World War 1 & 2 - Detailed information
Compiled and copyright © Martin Edwards 2008

The memorial is to be found out side the Unilever Building, The Causeway, Port Sunlight, Merseyside. It takes the form of a Celtic cross with a chamfered shaft on an octagonal podium with eleven surrounding figures and twelve relief panels. There are steps to north, south, east and west. A sculpture depicts the defence of the home. There are free standing figures comprising three soldiers, two women and six children and a further four round-headed panels have reliefs depicting different services - ambulance men with wounded soldiers, gunners, sailors and anti-aircraft. There are 503 names for World War 1 and 117 for World War 2. The memorial was unveiled by Sergeant E G Eames and PrivateR E Cruickshank 3rd December 1921. The builder was Messrs. William Kirkpatrick Ltd, the artist and designer was Sir William Goscombe John and the foundry used was Messrs. A B. Burton. The memorial was completed in 1921.

THEIR NAMES SHALL LIVE
FOR EVER AND
THEIR GLORY
SHALL NOT BE

BLOTTED OUT

THESE ARE NOT DEAD
SUCH SPIRITS NEVER DIE
ON THE ADJOINING PANELS ARE INSCRIBED
THE NAMES OF THOSE
FROM THE OFFICES AND WORKS OF
LEVER BROTHERS LIMITED
AND THEIR ASSOCIATED COMPANIES OVERSEAS
AND ALSO FROM PORT SUNLIGHT
WHO LAID DOWN THEIR LIVES IN THE GREAT WAR
1914 1919

THIS MEMORIAL
ERECTED BY LEVER BROTHERS LIMITED
AND THE COMPANY'S EMPLOYEES IN ALL
PARTS OF THE BRITISH EMPIRE AND IN
ALLIED COUNTRIES WAS UNVEILED ON
DECEMBER 3RD 1921 BY
SERGEANT E.G. EAMES OF PORT SUNLIGHT
WHO LOST HIS SIGHT AT THE FIRST BATTLE OF THE SOMME IN FRANCE 1916 AND BY PRIVATE R.E. CRUICKSHANK OF THE LONDON
BRANCH OFFICE WHO WAS AWARDED THE
VICTORIA CROSS IN 1918 FOR CONSPICUOUS
BRAVERY AND DEVOTION TO DUTY IN PALESTINE

THE NAMES OF ALL WHO SERVED NUMBERING OVER FOUR THOUSAND AND RECORDED IS A BOOK DEPOSITED BENEATH THIS STONE AND ALSO IN SIMILAR BOOKS IN CHRIST CHURCH AND IN THE LADY LEVER ART GALLERY WALL SURROUNDING CENTRAL PLATFORM: DULCE ET DECORUM EST PRO PATRIA MORI
THEIR NAME SHALL REMAIN FOR EVER AND
THEIR GLORY SHALL NOT BE BLOTTED OUT

TO OUR GLORIOUS DEAD

This is the forward to the "Port Sunlight War Memorial Golden Book 1914-1919":

FOREWORD

THE glorious Roll of Honour enshrined in this volume perpetuates the names of 503 heroes who gave their lives for their Country and the Empire, and of 3,566 equally heroic soldiers and sailors and airmen, who, though not called upon to make the supreme sacrifice, endured with sublime fortitude and even cheerfulness the terrible trials of the Great War 1914-1919. Loss of limbs, destruction of sight and undermined health from shell shock, trench fever, malaria, rheumatism, gas-poisoning and semi-starvation, or other ordeals endured as prisoners of war, were too well known to many of those whose names are here inscribed. All the names, so far as they have been discoverable, are here proudly and gratefully recorded and handed down in these pages for the love and veneration of our children and children's children who owe, perhaps their lives, certainly their freedom, to the heroes thus commemorated.

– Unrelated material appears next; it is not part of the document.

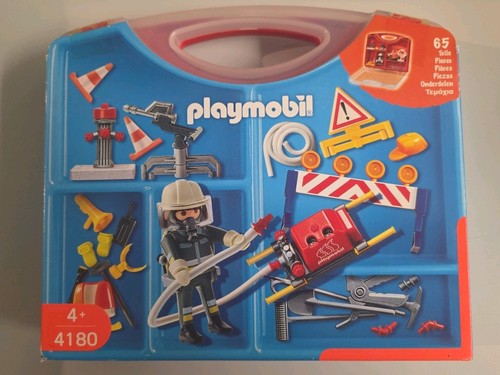 Playmobil 4180 koffer - 4180,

If on the graven and more enduring stone of the Port Sunlight War Memorial, designed by the celebrated sculptor of our time — Sir W. Goscombe John, R.A. — only the glorious dead are by name commemorated, this is not at all because of the exceeding great numbers of their comrades who fought and endured with them the perils of the mighty struggle, and were equally ready to lay down their lives also, but because, to their eternal honour, it was the widely expressed desire of these survivors that the sculptured monument should be wholly consecrated to the fallen as a memorial of their supreme glory and fame.

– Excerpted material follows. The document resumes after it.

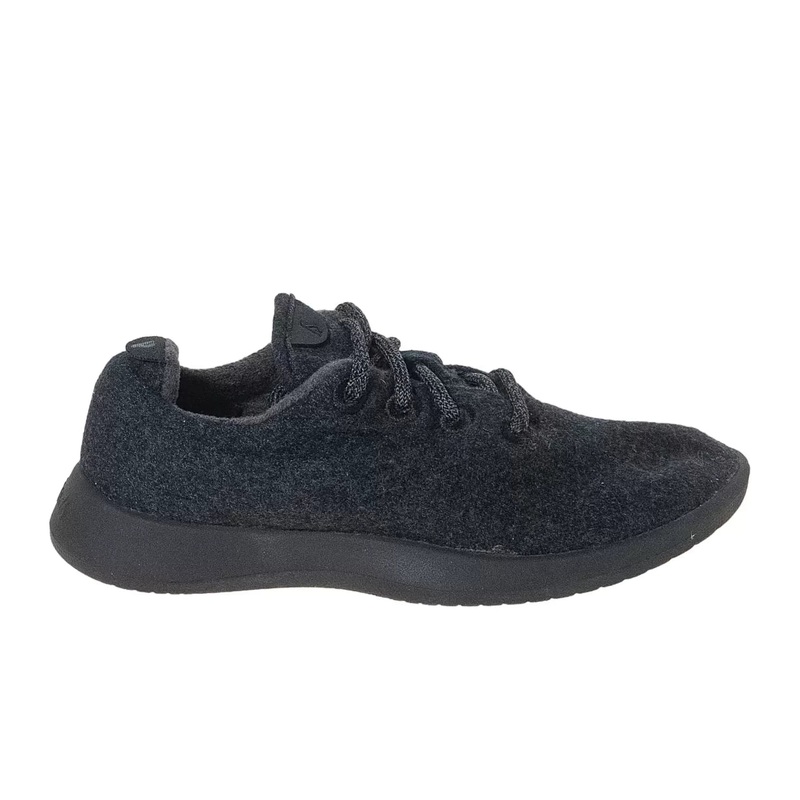 Allbirds Wool Runner - Women's 7 Black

Whether commemorated in this book, or in stone and bronze, or in the traditions to be handed on to future ages, it may well be said of all our heroes: “Their name liveth for evermore.” Of all that they did and suffered, far more than the half has never been, and never can be, told. For all communications from the battle areas were drastically censored, lest information useful to the enemy forces should leak out; and, latterly, it was forbidden to indicate in print — even in the ordinary obituary announcements — the units or battalions to which the combatants belonged, or to inform the local communities interested where their heroes fought or bled or died. This, however, was always certain: the employees of Lever Brothers were taking part in every scene of action, whether on western or eastern fronts, in Europe, Africa, or Asia, or on the seas. And even the censored letters from the camps, the trenches, and the war vessels, especially the touching and the high-spirited writings of the wounded and the captives; the visible, unconcealable sufferings of the incessant streams of maimed, injured and blinded heroes into the innumerable home hospitals; the Gazette records of distinctions bestowed upon our gallant men, and the services for which they had been conferred; also the grim and ever-lengthening lists of war casualties, spoke eloquently and unceasingly of what was happening by land and sea, and of the magnificent part our own naval and military heroes whose names are written in this book were taking in the tremendous conflicts spread over four years and a half.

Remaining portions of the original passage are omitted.